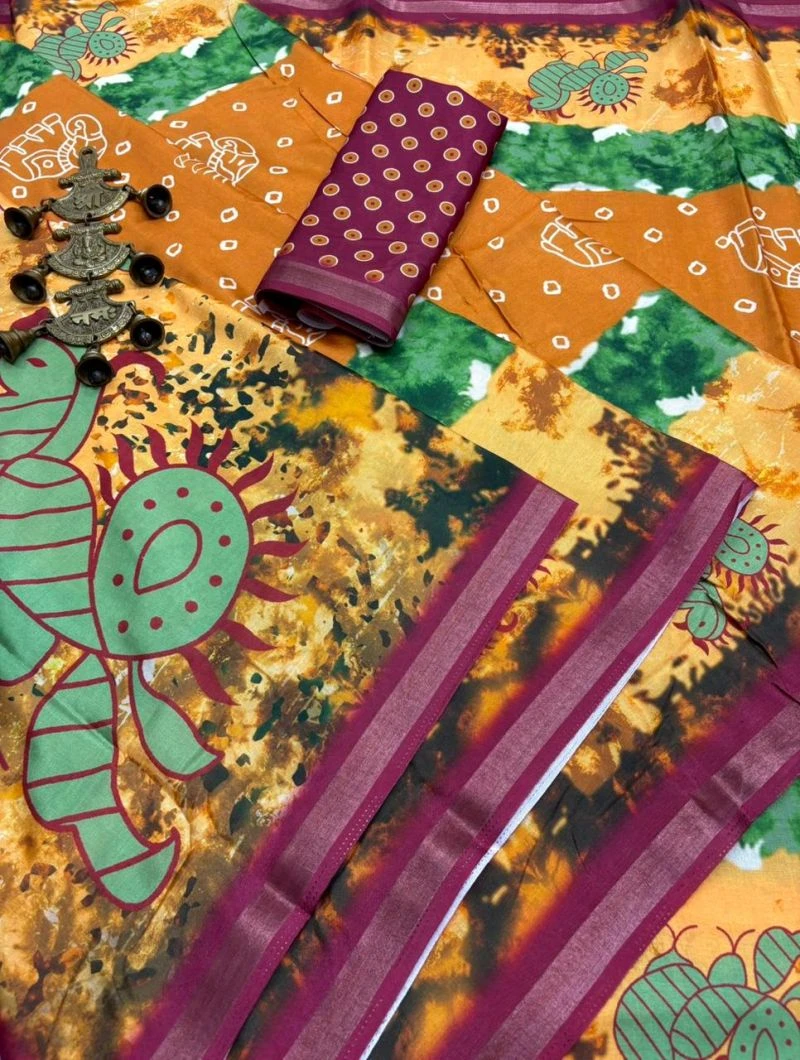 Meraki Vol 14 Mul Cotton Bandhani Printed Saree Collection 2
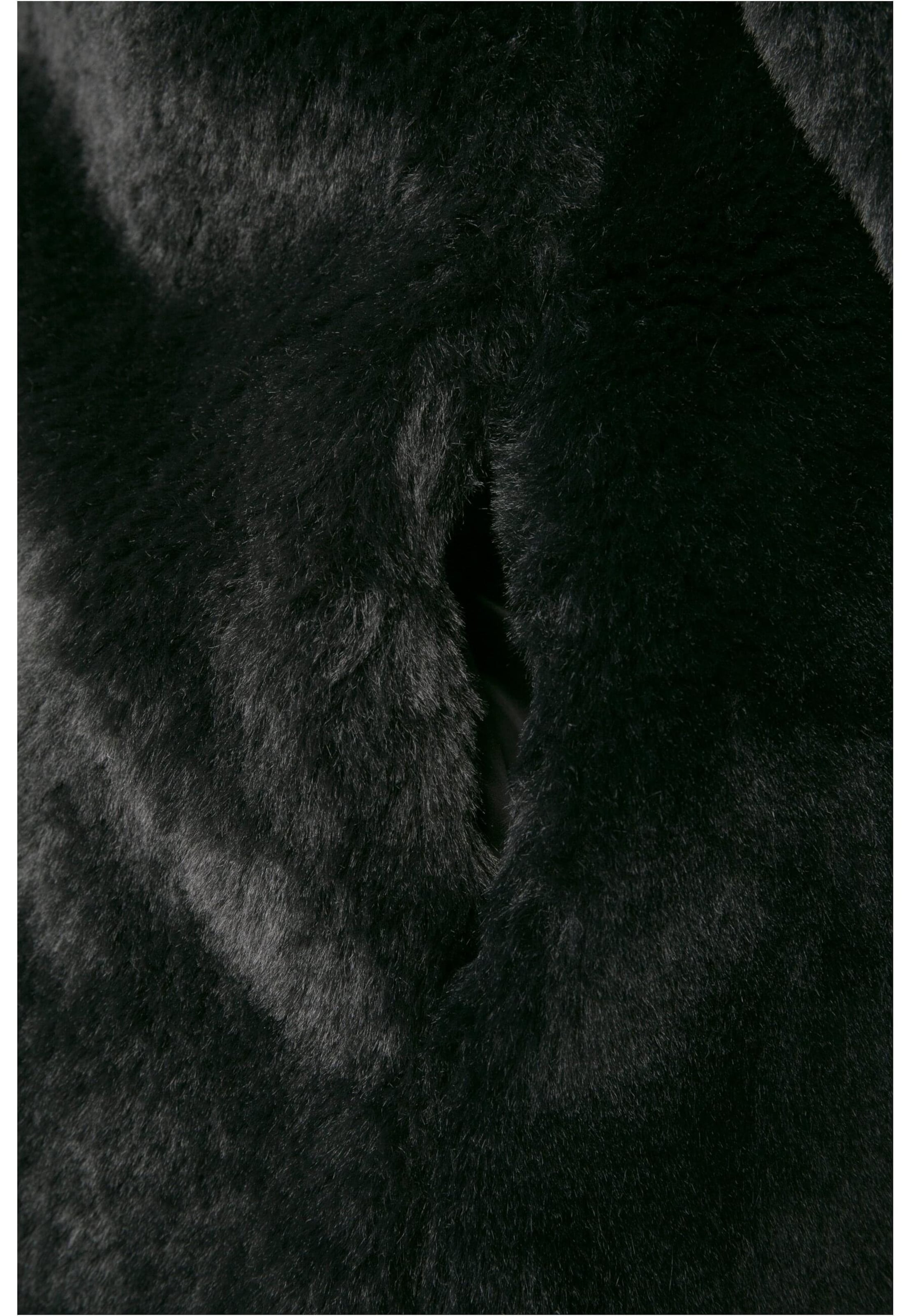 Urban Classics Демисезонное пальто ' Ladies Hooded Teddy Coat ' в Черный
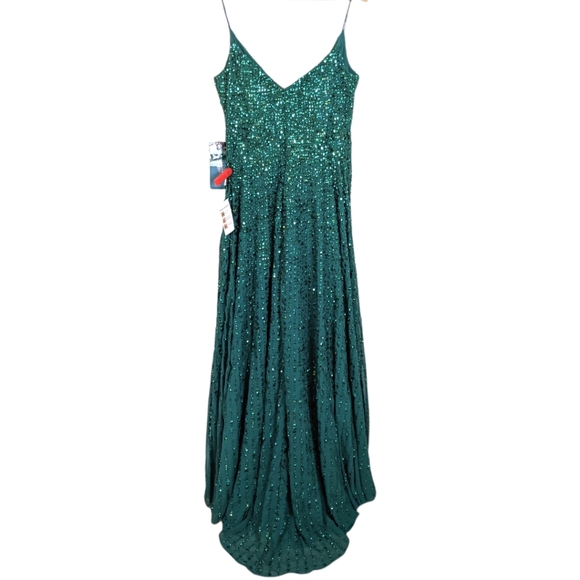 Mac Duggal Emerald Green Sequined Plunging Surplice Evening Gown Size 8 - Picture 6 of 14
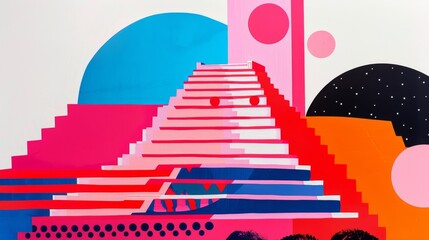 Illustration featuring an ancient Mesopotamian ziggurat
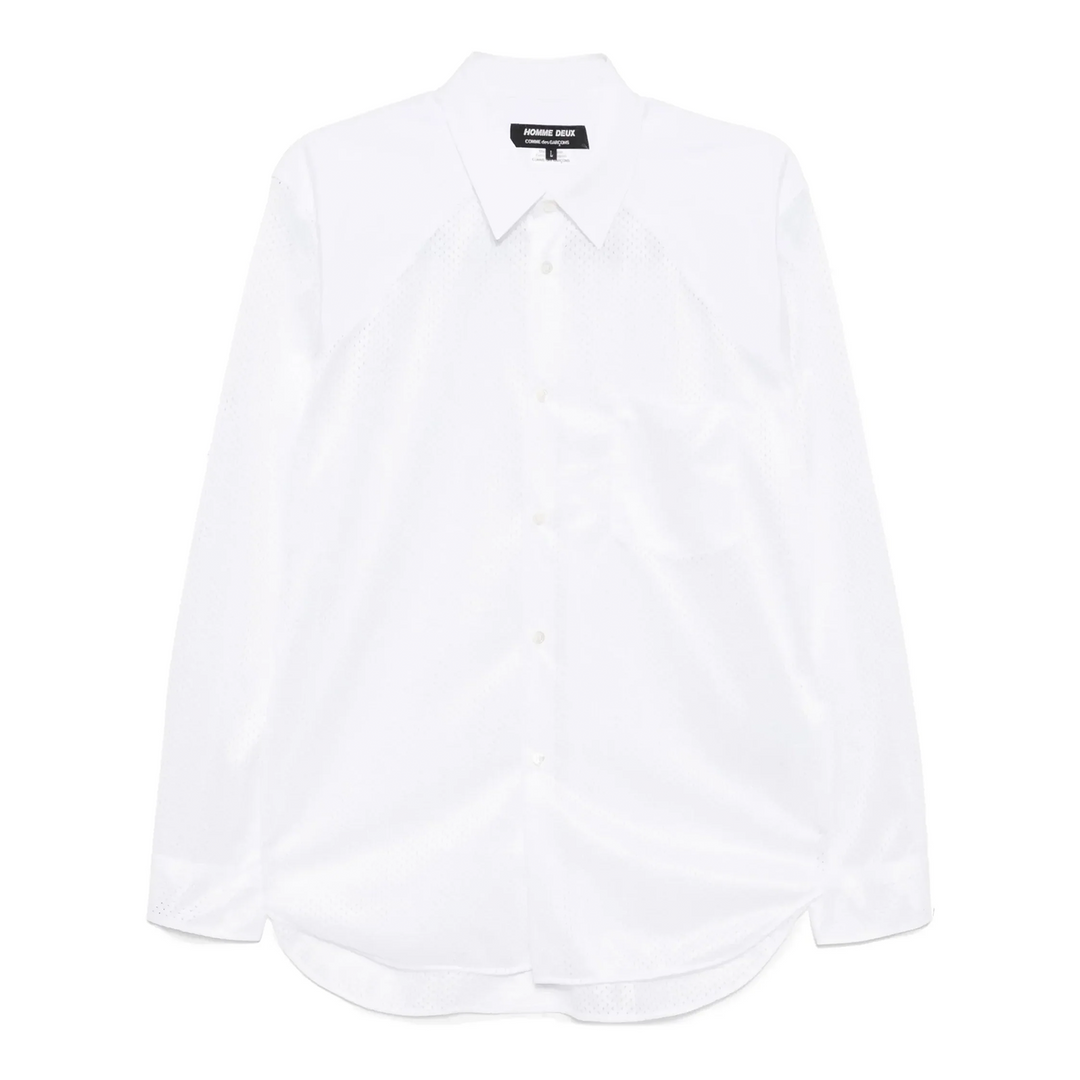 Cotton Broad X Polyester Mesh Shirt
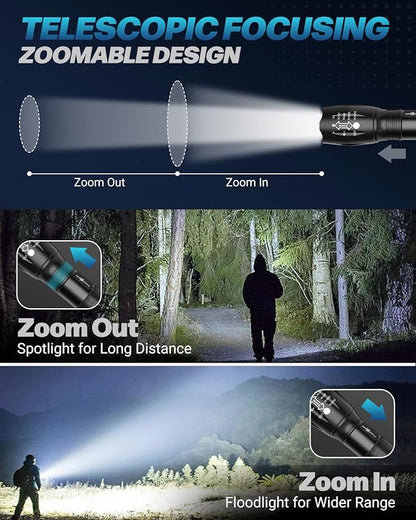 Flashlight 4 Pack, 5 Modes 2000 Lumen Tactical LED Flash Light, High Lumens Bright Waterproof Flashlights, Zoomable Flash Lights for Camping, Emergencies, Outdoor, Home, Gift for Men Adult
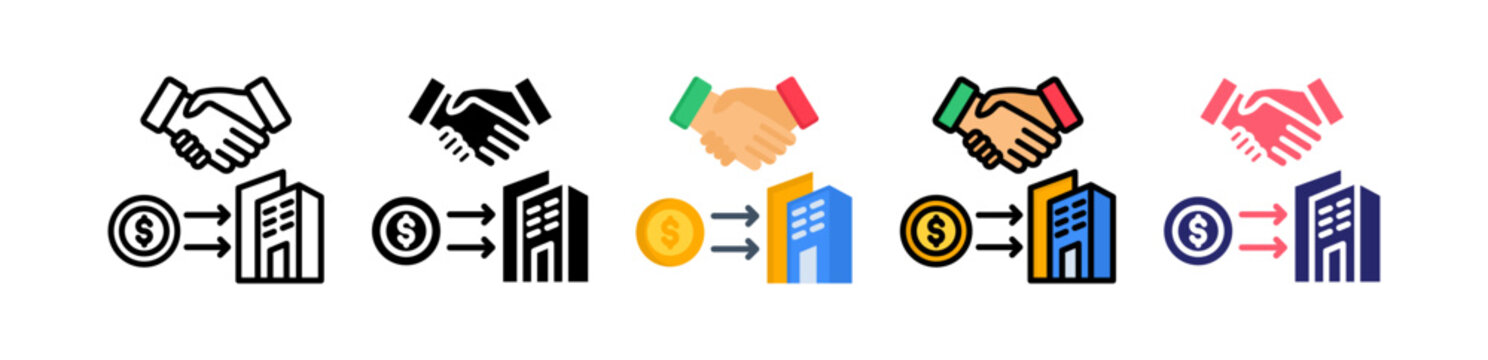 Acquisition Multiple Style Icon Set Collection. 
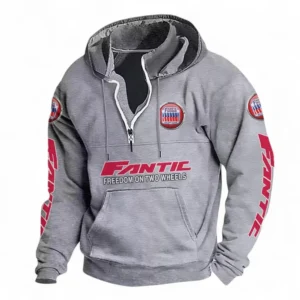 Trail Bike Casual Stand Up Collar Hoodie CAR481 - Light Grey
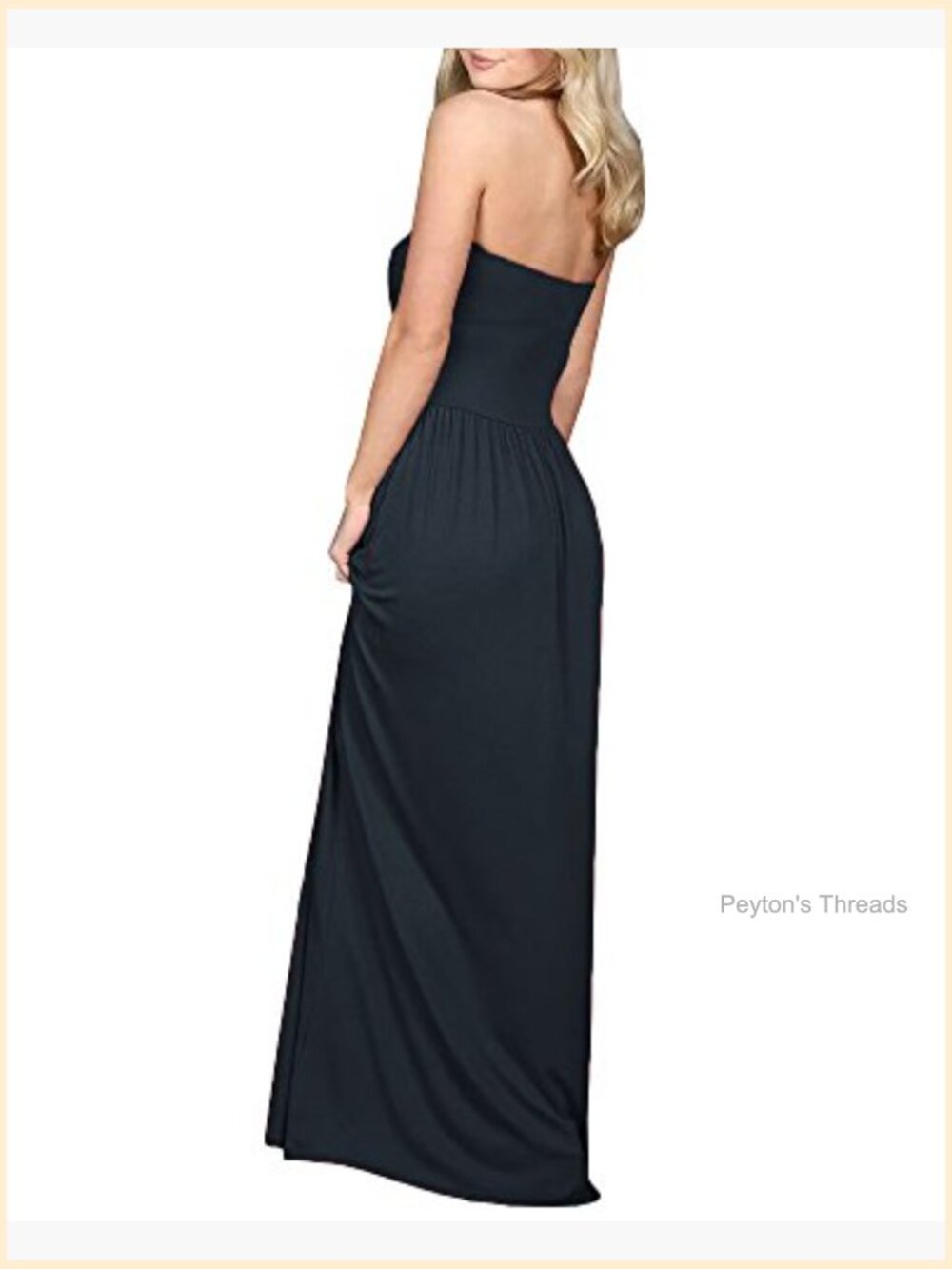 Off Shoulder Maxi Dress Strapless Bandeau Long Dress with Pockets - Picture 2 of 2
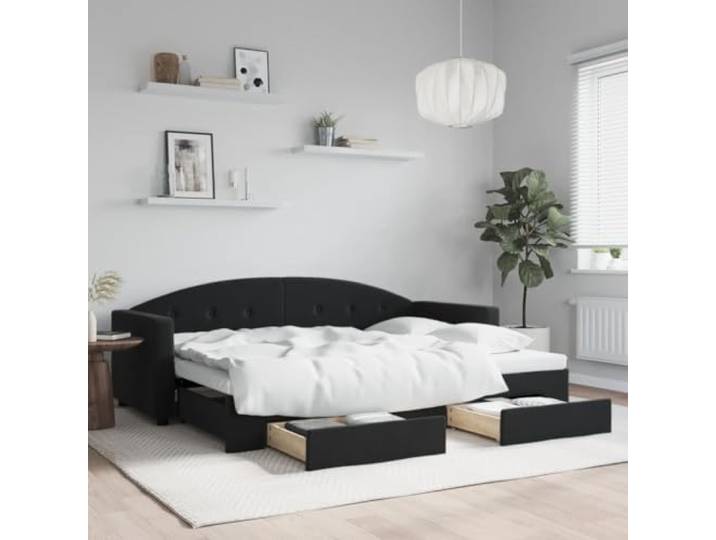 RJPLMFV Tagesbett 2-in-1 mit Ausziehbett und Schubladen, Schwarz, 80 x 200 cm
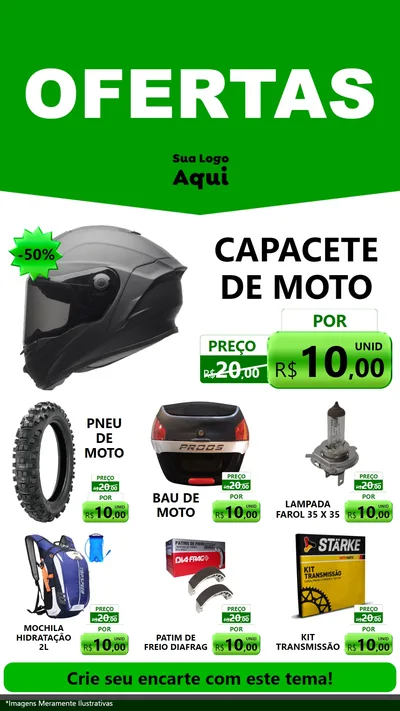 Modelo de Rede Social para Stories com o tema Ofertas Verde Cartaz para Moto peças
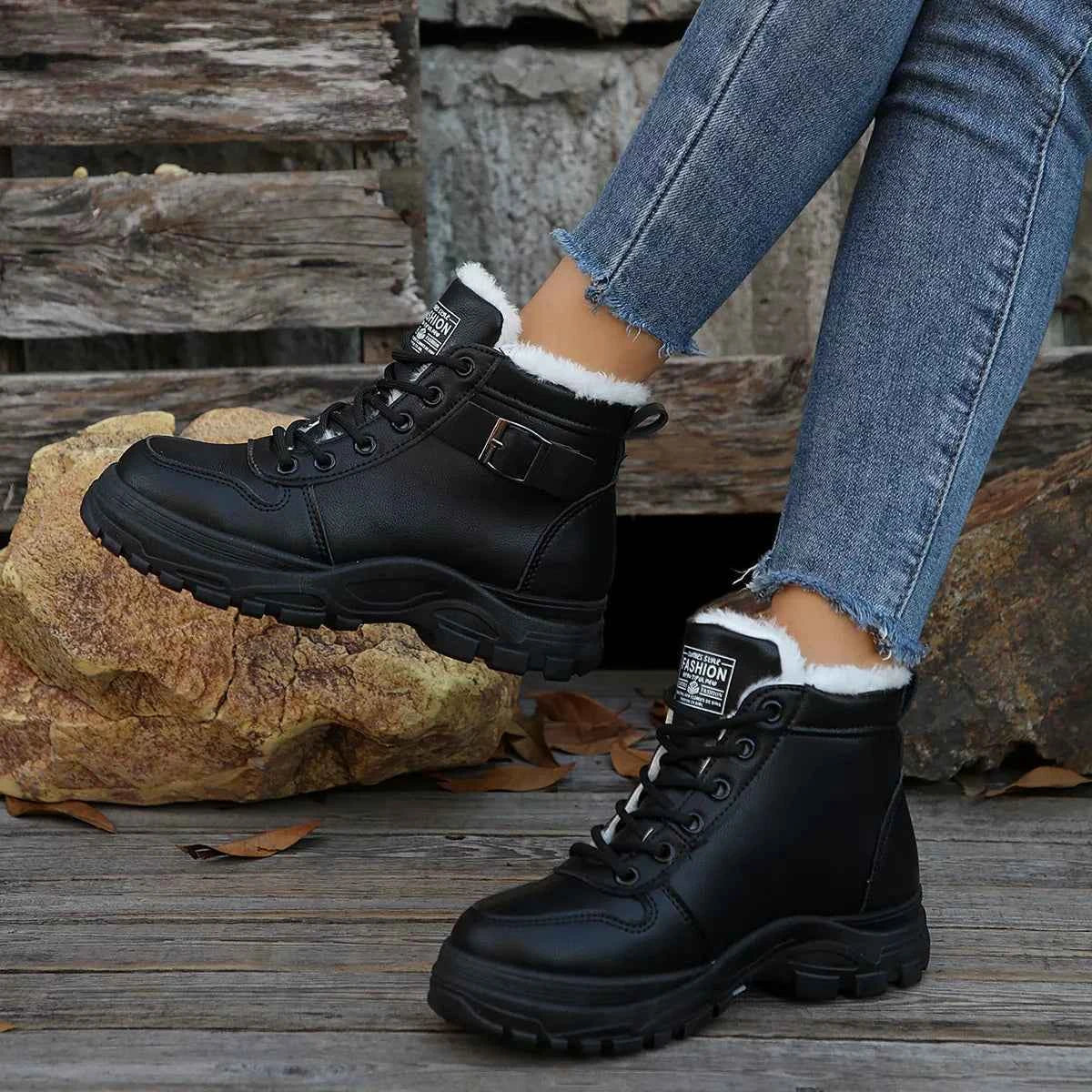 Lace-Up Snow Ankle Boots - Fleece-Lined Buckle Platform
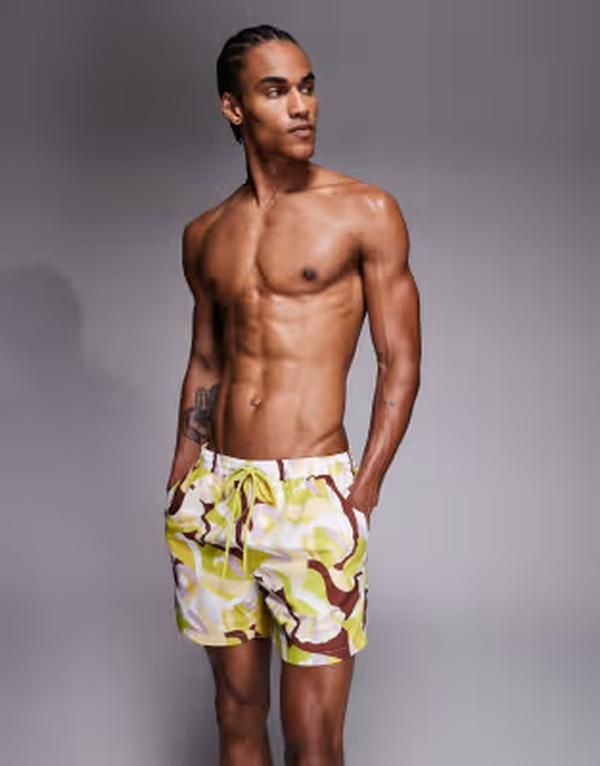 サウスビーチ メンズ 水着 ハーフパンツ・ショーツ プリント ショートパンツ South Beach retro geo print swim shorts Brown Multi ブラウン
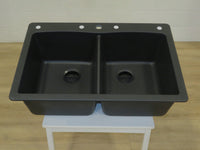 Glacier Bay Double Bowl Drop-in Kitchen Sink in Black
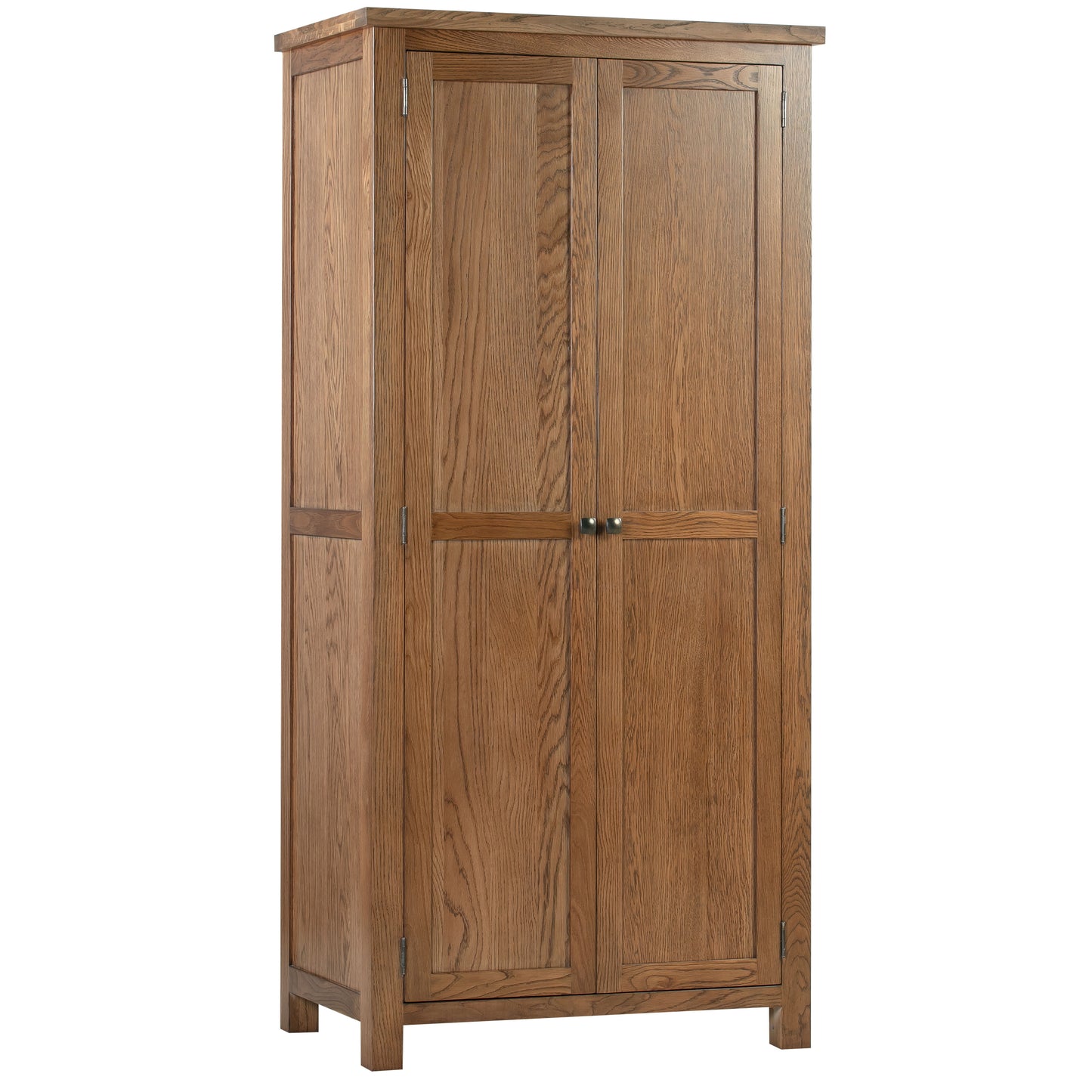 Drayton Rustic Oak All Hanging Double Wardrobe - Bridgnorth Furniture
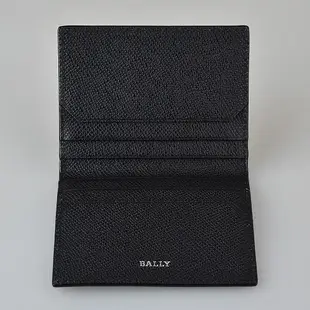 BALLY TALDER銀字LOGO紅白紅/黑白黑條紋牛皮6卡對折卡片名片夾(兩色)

------------------------------------------------

**Your instructions:** Only the lines from the one that holds "Lace-Up Snow Ankle" through the end of the records above should be printed again, exactly as they are. Leave out the pictures.

**Task output:**
 Lace-Up Snow Ankle Boots - Fleece-Lined Buckle Platform
 サウスビーチ メンズ 水着 ハーフパンツ・ショーツ プリント ショートパンツ South Beach retro geo print swim shorts Brown Multi ブラウン
 Glacier Bay Double Bowl Drop-in Kitchen Sink in Black
 Drayton Rustic Oak All Hanging Double Wardrobe - Bridgnorth Furniture
 BALLY TALDER銀字LOGO紅白紅/黑白黑條紋牛皮6卡對折卡片名片夾(兩色)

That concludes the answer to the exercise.